Jazz drumming great Mickey Roker died this past May 22 in Philadelphia, at the age of eighty-four. Known for his propelling swing, Roker performed with top jazz artists throughout a career spanning six decades. A drummer sprung from swing and bop, Roker had an irresistible groove, sensitive dynamics, unshakable time, and tasteful kit artistry that earned him a long and impressive discography. Above all, he was supportive. “I just like to swing the band,” he told MD in a 2002 interview. “That’s where I get my kicks.”
Roker toured the world extensively, most notably during his nine-year stint with Dizzy Gillespie. Fellow musicians knew him as a kind man full of positive energy and humor.
Granville William “Mickey” Roker Jr. was born in Miami on September 3, 1932. After his mother died when he was ten, Roker was raised in Philadelphia by his grandmother. His uncle bought him his first drumkit, and the self-taught drummer began playing local R&B gigs, eventually gravitating to jazz. Philly Joe Jones was a significant inspiration.
In the mid-’50s, following army service, Roker circulated with notable local jazz figures, including Jimmy Heath and Jimmy Oliver. He married his wife, Priscilla, in 1956; they had two children, Ronald and Debra.
The rising drummer began gigging in New York in 1959 with Gigi Gryce, followed by stints with pianist Ray Bryant and with Junior Mance’s trio, backing up vocal great Joe Williams. Roker settled in the city in 1961, and his profile rose through appearances with Art Farmer, Stanley Turrentine, Clifford Jordan, Shirley Scott, and Mary Lou Williams.
In 1964, Roker began a long association with pianist, composer, and arranger Duke Pearson. Playing with small groups and big bands, he recorded nine Blue Note albums with Pearson and became a frequent call for many other Blue Note record dates during the label’s classic ’60s and early ’70s output. Roker frequently cited Pearson’s 1966 sextet LP, Sweet Honey Bee, as one of his favorite albums.
During his tenure with Gillespie from 1971 through 1979, Roker recorded numerous albums on the Pablo label that showcased his hard-driving yet sensitive energy, transported by his classic swinging cymbal ride. Gillespie famously incorporated Latin elements into his sound, and Roker deftly infused that rhythmic influence, as heard on the 1975 album Afro-Cuban Jazz Moods.

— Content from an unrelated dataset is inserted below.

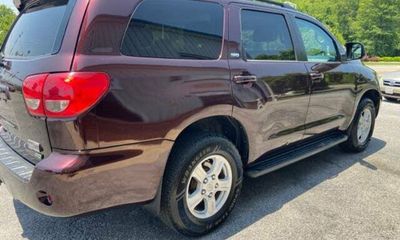 2016 Toyota Sequoia SR5 Grade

When Dizzy’s nonstop globe-hopping finally caught up with Roker, the drummer left the band, but soon hit the road again with Milt Jackson and with the Ray Brown Trio. Roker would later reunite with Jackson when he joined the Modern Jazz Quartet in 1992.
Although Roker claimed he didn’t favor playing with vocalists, many of the world’s finest certainly favored him. He worked with Ella Fitzgerald, Carmen McRae, and Sarah Vaughan, and he cited his touring years with Nancy Wilson as one of his favorite gigs.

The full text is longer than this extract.